Differential responses of thermal tolerance to acclimation in the sub-Antarctic rove beetle Halmaeusa atriceps

16 April 2007

Investigations of the responses to acclimation of upper and lower lethal limits and limits to activity in insects have focused primarily on Drosophila. In the present study, Halmaeusa atriceps (Staphylinidae) is examined for thermal tolerance responses to acclimation, and seasonal acclimatization. In summer and winter, lower lethal temperatures of adults and larvae are approximately -7.6 +/- 0.03 and -11.1 +/- 0.06 degrees C, respectively. Supercooling points (SCPs) are more variable, with winter SCPs of -5.4 +/- 0.4 degrees C in larvae and -6.3 +/- 0.8 degrees C in adults.

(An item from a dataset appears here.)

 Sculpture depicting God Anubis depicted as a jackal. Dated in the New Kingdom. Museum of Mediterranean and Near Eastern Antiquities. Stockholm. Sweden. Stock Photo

The species appears to be chill susceptible in summer and moderately freeze tolerant in winter, thus showing seasonal acclimatization. Similar changes cannot be induced solely by acclimation to low temperatures in the laboratory. Upper lethal temperatures show a weaker response to acclimation. There are also significant responses to acclimation of critical thermal limits. Critical thermal minima vary between -3.6 +/- 0.2 and -0.6 +/- 0.2 degrees C in larvae, and from -4.1 +/- 0.1 to -0.8 +/- 0.2 degrees C in adults. By contrast, critical thermal maxima vary much less within adults and larvae. These findings are in keeping with the general pattern found in insects, although this species differs in several respects from others found on Marion Island.